Stored data
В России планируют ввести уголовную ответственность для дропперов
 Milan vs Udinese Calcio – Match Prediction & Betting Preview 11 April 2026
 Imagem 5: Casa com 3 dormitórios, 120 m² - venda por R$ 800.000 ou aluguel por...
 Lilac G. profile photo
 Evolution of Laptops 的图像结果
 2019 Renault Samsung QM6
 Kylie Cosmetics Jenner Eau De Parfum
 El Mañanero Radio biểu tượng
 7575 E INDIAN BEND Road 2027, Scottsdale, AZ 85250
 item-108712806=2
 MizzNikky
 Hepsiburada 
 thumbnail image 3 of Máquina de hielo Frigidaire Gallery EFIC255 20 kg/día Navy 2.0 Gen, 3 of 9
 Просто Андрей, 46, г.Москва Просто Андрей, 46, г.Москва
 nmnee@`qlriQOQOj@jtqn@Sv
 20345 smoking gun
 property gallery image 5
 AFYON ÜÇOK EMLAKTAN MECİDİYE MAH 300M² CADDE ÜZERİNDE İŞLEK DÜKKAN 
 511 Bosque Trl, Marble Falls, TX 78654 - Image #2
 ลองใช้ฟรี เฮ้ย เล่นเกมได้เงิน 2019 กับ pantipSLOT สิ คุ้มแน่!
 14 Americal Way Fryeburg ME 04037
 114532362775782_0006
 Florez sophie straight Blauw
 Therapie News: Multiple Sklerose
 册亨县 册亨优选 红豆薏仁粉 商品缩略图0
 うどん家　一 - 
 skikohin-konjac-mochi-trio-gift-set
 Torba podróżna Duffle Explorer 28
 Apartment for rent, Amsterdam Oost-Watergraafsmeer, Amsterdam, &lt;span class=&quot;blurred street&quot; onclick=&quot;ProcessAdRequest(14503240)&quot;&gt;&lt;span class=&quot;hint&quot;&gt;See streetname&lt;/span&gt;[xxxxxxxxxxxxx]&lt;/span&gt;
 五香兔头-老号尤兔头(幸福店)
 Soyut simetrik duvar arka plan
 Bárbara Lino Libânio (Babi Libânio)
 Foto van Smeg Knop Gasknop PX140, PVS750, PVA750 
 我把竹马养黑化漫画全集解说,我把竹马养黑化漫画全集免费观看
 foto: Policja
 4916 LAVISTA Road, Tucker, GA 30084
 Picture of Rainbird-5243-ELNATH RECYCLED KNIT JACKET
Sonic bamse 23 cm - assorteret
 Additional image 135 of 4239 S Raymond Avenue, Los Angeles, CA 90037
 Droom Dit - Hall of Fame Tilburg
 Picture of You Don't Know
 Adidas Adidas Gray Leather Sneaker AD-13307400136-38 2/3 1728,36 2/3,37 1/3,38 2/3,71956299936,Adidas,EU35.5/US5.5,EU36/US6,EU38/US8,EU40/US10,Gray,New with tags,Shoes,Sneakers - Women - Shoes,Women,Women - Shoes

* THE PROBLEM: Write out all of the records word for word.

* OUTPUT:
В России планируют ввести уголовную ответственность для дропперов
 Milan vs Udinese Calcio – Match Prediction & Betting Preview 11 April 2026
 Imagem 5: Casa com 3 dormitórios, 120 m² - venda por R$ 800.000 ou aluguel por...
 Lilac G. profile photo
 Evolution of Laptops 的图像结果
 2019 Renault Samsung QM6
 Kylie Cosmetics Jenner Eau De Parfum
 El Mañanero Radio biểu tượng
 7575 E INDIAN BEND Road 2027, Scottsdale, AZ 85250
 item-108712806=2
 MizzNikky
 Hepsiburada 
 thumbnail image 3 of Máquina de hielo Frigidaire Gallery EFIC255 20 kg/día Navy 2.0 Gen, 3 of 9
 Просто Андрей, 46, г.Москва Просто Андрей, 46, г.Москва
 nmnee@`qlriQOQOj@jtqn@Sv
 20345 smoking gun
 property gallery image 5
 AFYON ÜÇOK EMLAKTAN MECİDİYE MAH 300M² CADDE ÜZERİNDE İŞLEK DÜKKAN 
 511 Bosque Trl, Marble Falls, TX 78654 - Image #2
 ลองใช้ฟรี เฮ้ย เล่นเกมได้เงิน 2019 กับ pantipSLOT สิ คุ้มแน่!
 14 Americal Way Fryeburg ME 04037
 114532362775782_0006
 Florez sophie straight Blauw
 Therapie News: Multiple Sklerose
 册亨县 册亨优选 红豆薏仁粉 商品缩略图0
 うどん家　一 - 
 skikohin-konjac-mochi-trio-gift-set
 Torba podróżna Duffle Explorer 28
 Apartment for rent, Amsterdam Oost-Watergraafsmeer, Amsterdam, &lt;span class=&quot;blurred street&quot; onclick=&quot;ProcessAdRequest(14503240)&quot;&gt;&lt;span class=&quot;hint&quot;&gt;See streetname&lt;/span&gt;[xxxxxxxxxxxxx]&lt;/span&gt;
 五香兔头-老号尤兔头(幸福店)
 Soyut simetrik duvar arka plan
 Bárbara Lino Libânio (Babi Libânio)
 Foto van Smeg Knop Gasknop PX140, PVS750, PVA750 
 我把竹马养黑化漫画全集解说,我把竹马养黑化漫画全集免费观看
 foto: Policja
 4916 LAVISTA Road, Tucker, GA 30084
 Picture of Rainbird-5243-ELNATH RECYCLED KNIT JACKET
Sonic bamse 23 cm - assorteret
 Additional image 135 of 4239 S Raymond Avenue, Los Angeles, CA 90037
 Droom Dit - Hall of Fame Tilburg
 Picture of You Don't Know
 Adidas Adidas Gray Leather Sneaker AD-13307400136-38 2/3 1728,36 2/3,37 1/3,38 2/3,71956299936,Adidas,EU35.5/US5.5,EU36/US6,EU38/US8,EU40/US10,Gray,New with tags,Shoes,Sneakers - Women - Shoes,Women,Women - Shoes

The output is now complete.